MSCI EM: The MSCI EM (Emerging Markets) Index is a free-float weighted equity index that captures large and mid-cap representation across Emerging Markets (EM) countries. The index covers approximately 85% of the free float-adjusted market capitalization in each country.
Bloomberg Barclays U.S. Agg Bond: The Bloomberg Barclays U.S. Aggregate Bond Index is a broad-based flagship benchmark that measures the investment grade, U.S. dollar-denominated, fixed-rate taxable bond market.
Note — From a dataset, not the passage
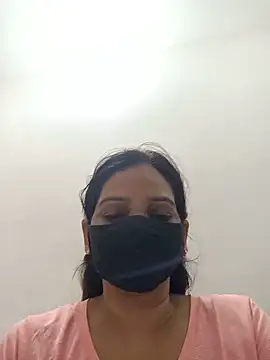 soni yhakur online show from June 18, 2026, 1:26 am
The index includes Treasuries, government-related and corporate securities, MBS (agency fixed-rate pass-throughs), ABS and CMBS (agency and non-agency).
Bloomberg Barclays High Yield Corp: The Bloomberg Barclays U.S. Corporate High Yield Bond Index measures the USD-denominated, high yield, fixed-rate corporate bond market. Securities are classified as high yield if the middle rating of Moody's, Fitch and S&P is Ba1/BB+/BB+ or below. Bonds from issuers with an emerging markets country of risk, based on Barclays EM country definition, are excluded.
Bloomberg Barclays Global Agg: The Bloomberg Barclays Global Aggregate Index is a flagship measure of global investment grade debt from twenty-four local currency markets. This multi-currency benchmark includes treasury, government-related, corporate and securitized fixed-rate bonds from both developed and emerging markets issuers.
Bloomberg Barclays Municipal Bond Index: The Bloomberg Barclays U.S. Municipal Index covers the USD-denominated long-term tax-exempt bond market. The index has four main sectors: state and local general obligation bonds, revenue bonds, insured bonds and prerefunded bonds.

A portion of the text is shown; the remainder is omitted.